§ **Supplied data**
= Beginning of Section =
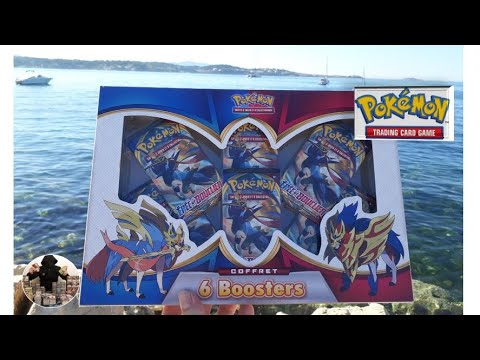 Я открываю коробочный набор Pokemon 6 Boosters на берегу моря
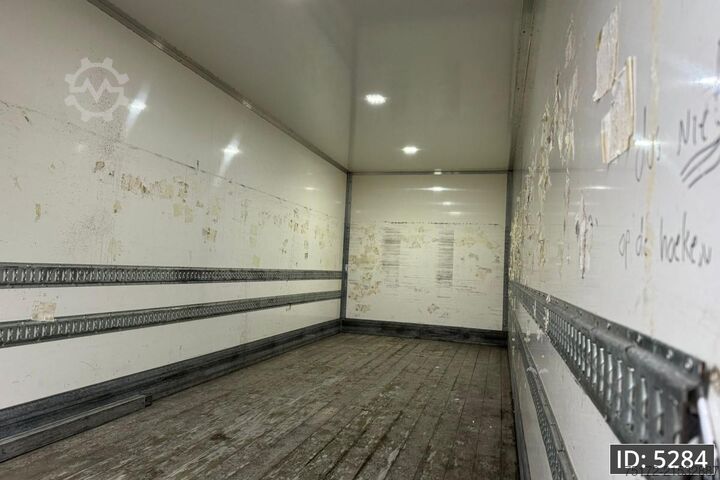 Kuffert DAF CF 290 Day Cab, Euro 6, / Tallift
= End of Section =
= Beginning of Section =
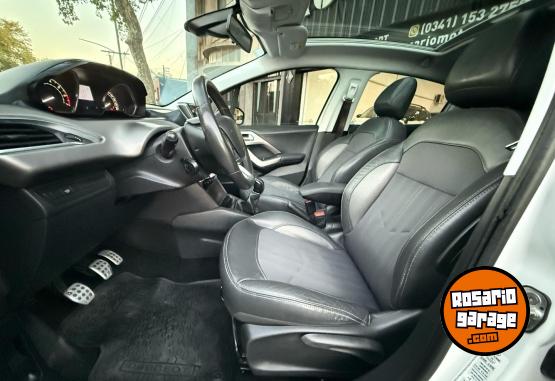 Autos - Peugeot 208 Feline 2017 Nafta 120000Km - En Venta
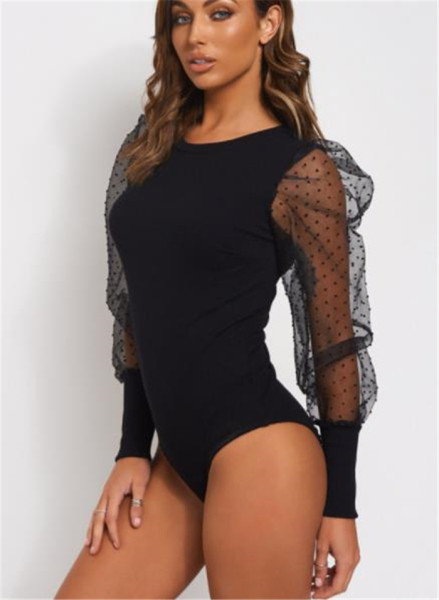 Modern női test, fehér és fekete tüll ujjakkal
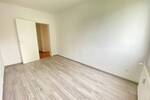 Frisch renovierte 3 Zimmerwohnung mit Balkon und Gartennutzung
= End of Section =
= Beginning of Section =
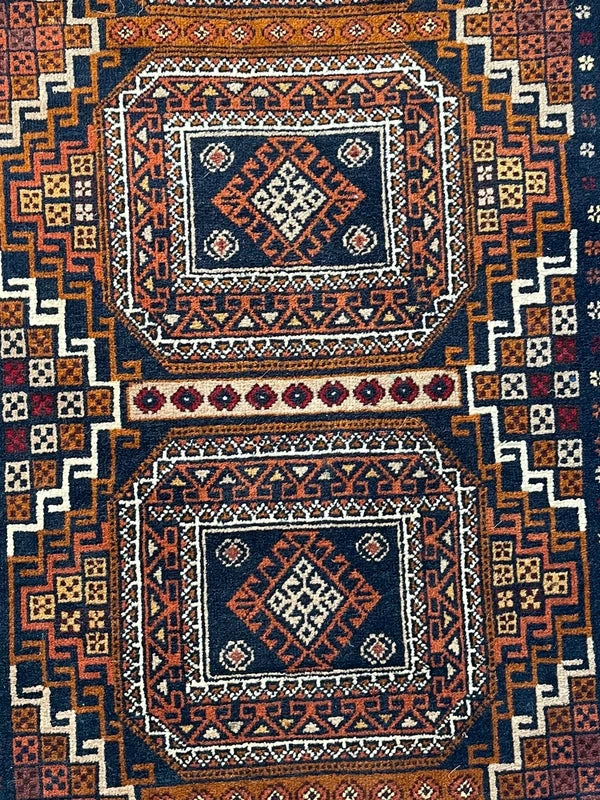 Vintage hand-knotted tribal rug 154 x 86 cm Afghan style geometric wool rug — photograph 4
= End of Section =
§ **What the task asks**
Exact copy, pictures excluded: from the line with "Я открываю коробочный" up to and including the line with "Kuffert DAF CF" in the data above.

§ **Answer to this task**
 Я открываю коробочный набор Pokemon 6 Boosters на берегу моря
 Kuffert DAF CF 290 Day Cab, Euro 6, / Tallift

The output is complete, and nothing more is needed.